Le Volontariat Monde doit répondre aux questions fondamentales de la période du point de vue des jeunesses et de la mobilité. (...)
Elle est définie à partir des contradictions qui portent sur l’explosion des inégalités, les migrations, l’urgence climatique, les libertés et la démocratie, le système international. (...)
Le livre fourmille de propositions, ouvre des pistes et associe de nombreuses personnes et associations qui viennent ancrer, élargir et démultiplier la démarche. (...)

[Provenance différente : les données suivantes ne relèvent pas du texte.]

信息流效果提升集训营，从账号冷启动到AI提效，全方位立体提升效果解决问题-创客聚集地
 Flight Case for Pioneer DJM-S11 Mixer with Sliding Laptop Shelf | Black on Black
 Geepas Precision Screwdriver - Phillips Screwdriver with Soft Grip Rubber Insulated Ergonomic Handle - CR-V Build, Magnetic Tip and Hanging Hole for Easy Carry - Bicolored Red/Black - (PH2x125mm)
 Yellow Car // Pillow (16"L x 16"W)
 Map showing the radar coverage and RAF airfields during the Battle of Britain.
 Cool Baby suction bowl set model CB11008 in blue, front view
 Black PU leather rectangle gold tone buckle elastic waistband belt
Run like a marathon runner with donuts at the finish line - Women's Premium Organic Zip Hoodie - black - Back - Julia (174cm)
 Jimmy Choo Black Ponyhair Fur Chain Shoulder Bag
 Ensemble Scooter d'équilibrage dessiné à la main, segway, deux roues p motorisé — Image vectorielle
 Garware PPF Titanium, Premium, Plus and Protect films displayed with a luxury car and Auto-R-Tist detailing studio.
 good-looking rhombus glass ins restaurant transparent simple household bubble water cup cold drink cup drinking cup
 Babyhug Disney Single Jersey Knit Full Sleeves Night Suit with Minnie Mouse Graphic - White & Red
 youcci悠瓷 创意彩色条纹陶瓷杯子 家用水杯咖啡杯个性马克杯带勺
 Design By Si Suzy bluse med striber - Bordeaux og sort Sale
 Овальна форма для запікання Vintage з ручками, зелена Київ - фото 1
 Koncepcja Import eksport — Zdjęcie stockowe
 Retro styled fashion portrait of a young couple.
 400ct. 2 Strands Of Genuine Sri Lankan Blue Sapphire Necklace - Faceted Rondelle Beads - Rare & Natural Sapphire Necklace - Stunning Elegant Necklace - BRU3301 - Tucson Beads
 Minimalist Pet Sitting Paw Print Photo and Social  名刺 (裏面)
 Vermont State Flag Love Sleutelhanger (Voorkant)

ET SI on assurait l’ouverture dans un parcours à la fois citoyen et professionnel de la mobilité solidaire à tous les jeunes ?
Ouvrir la mobilité solidaire à tous les jeunes. Non pas former une élite, mais engager toute une génération, élargir à tous les jeunes. Organiser de vastes espaces de circulation à l’échelle des grandes régions du monde. Développer pour tous des potentiels individuels et collectifs à partir des expériences partagées.
La prospective du présent qui allie esprit critique et optimisme méthodologique pour nourrir l’action collective a permis de renouveler la vision de l’engagement solidaire, d’envisager la transformation radicale de la géographie du volontariat, d’imaginer la diversification des pratiques en dehors des normes instituées.
Ouvrir le Volontariat Monde et la mobilité solidaire à tous les jeunes du monde. Comment transformer cette utopie en réalité concrète. Comment passer du temps de la prospective au temps de la stratégie et au temps du projet. Ce livre, longuement mûri et réfléchi, est un premier pas pour une belle ambition d’avenir.